There are two dials at Gorillaz HQ which determine 1) how many guests will be on an album, and 2) how elaborate its broader cartoon lore will be. 2018’s The Now Now, positioned as a solo album by Damon Albarn’s “2-D” alter ego, had minimal guests and only the slightest bit of extra-textual hijinks. On the other hand, 2020’s wildly overstuffed Song Machine project, in which every track was accompanied by at least one guest and a new cartoon detailing the band’s ongoing dystopian adventures, turned both dials to 11. Every track was a single, bursting with set pieces and pivots; it all “worked,” but it was a lot to take in, like a 12-course dinner composed of all entrées. One can only eat so much lobster.
The new Cracker Island — originally begun as “Season Two” of Song Machine before being reworked as a traditional album — turns both dials to a comfortable middle setting and cruises. It’s the easiest-going and most purely pleasurable Gorillaz album since their opening one-two punch, 20-some years ago. Guests feel purposeful, filtered into the indie-funk melange with ease.
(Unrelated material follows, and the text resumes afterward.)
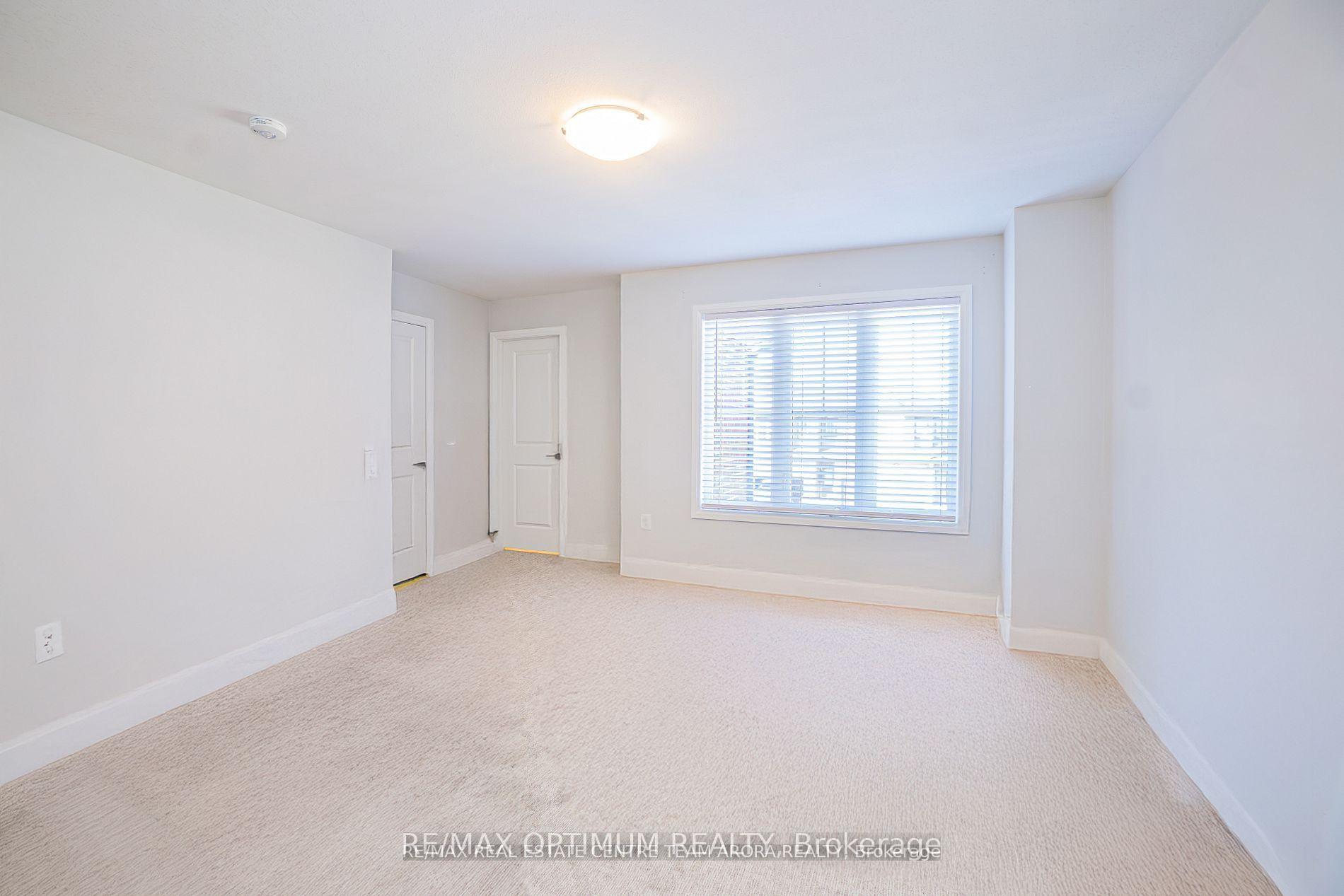 Photo 10 of 112 Bur Oak Drive, Thorold, Confederation Heights — HOMEH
Thundercat gets to uncork some walking bass lines over a Daft Punk-worthy mirrorball groove, and Tame Impala’s Kevin Parker trades verses with the Pharcyde’s Bootie Brown on a synth-pop scorcher that’d be at home on, well, a Tame Impala record. Previous Gorillaz LPs suffered from guest-spot whiplash: Here’s Pusha T and Bobby Womack, and now on the stage is Elton John, ladies and gentlemen. Here only two stick out, with songs built to take advantage of their incongruity. The Bad Bunny collab “Tormenta” pilots the band’s kick-drum-fueled dirigible to the Caribbean, finding a reggaeton riddim for the MC to do backflips on, and “Oil” enlists Stevie Nicks, whose inimitable countermelodies help the band find hope amid (per the lyrics) “interlocking cluster bombs like bass and drums.”
Make no mistake, this is still a Gorillaz LP, and the band’s broader saga has not let up a bit. (Did you know someone from the Powerpuff Girls was briefly in the band?) Cracker Island, the fictional place, is home to a crazed cult, and reachable only via submarine. Some of the record’s more deranged metaphors will leave those in Gorillaz’s online cult reaching for narrative clues. But the most cartoonish thing about the actual LP is its wildly varied musical palette. Albarn, working with Adele producer Greg Kurstin, fills the record with trilling steel drums, baleful mariachi horns, even a playful riff on the iPhone’s default ringtone.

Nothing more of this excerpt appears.